When the broadband access market is shrunk down to local levels including zip codes, entry rates increase. Another dynamic, according to the findings of Connolly and Prieger, is the size of new entrants and firms that survive market entry. They tend to be the larger firms on average and enter new markets via different tiers or packages of service. The authors also found that entry and exit activity lessened with the maturity of a market.
When I consider barriers to market entry faced by broadband access providers, I’m not surprised that larger firms contribute significantly to entrance into and viability in a market. Progressive proponents of competition tend to delete from the discussion economic and regulatory impediments to market entry. New entrants have to consider sizes of local markets and average income in an area. Education and age profile also impact broadband access service penetration, according to Connolly and Prieger. Population density and topography impact deployment of services in rural areas. Also, in my experience, franchising requirements, such as rights-of-way fees or access channel requirements for broadband operators that provide cable create a barrier to entry for smaller, less financially able companies.

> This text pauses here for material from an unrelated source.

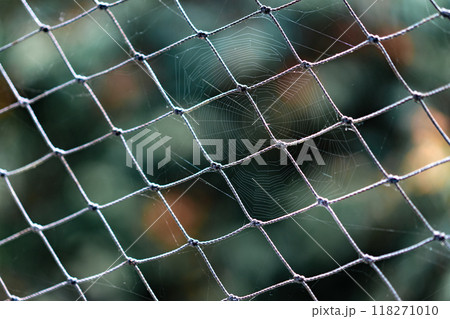 A mesmerizing blanket of spider webs adorns the intricate iron fence grill, creating a captivating display of nature's artistry. A mesmerizing blanket of spider webs adorns the intricate iron fence grill, creating a captivating display of nature's artistry. 118271010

There is also research that describes how competition can be delayed where potential entrants into a vacant market may think twice about entry if they have determined that the market will become contestable due to potential of growing demand. In other words, according to analysis by Mo Xiao and Peter Orazem, a potential entrant may look for a market where demand is not as high, creating a monopoly or entering an oligopoly that keeps out other entrants. It may not be worth the expenditure of profits to fight off new entrants into a vacant, high demand market first the first few market entrants.
What kind of policies should the FCC create to increase the number of broadband access provider entrants into a market where smaller companies may not have the scale or financial wherewithal to stay in a market? Will the FCC continue to subsidize these firms? If so, what type of support will the FCC give to the consumer? Demand has to want supply.
And where potential entrants are thinking twice about dipping their toes into a contestable market because of the fear of profit erosion in a relatively near future, will the FCC pursue a policy of subsidizing potential lost profit resulting from the very competition the “network agency” espouses?
Only by honestly grasping the reality that having three or four competitors in a market is not a bad thing will the FCC be able to get off of the competition rant and focus on more important issues such as spectrum allocation and ensuring that section 706 is the only basis for any regulation of broadband access.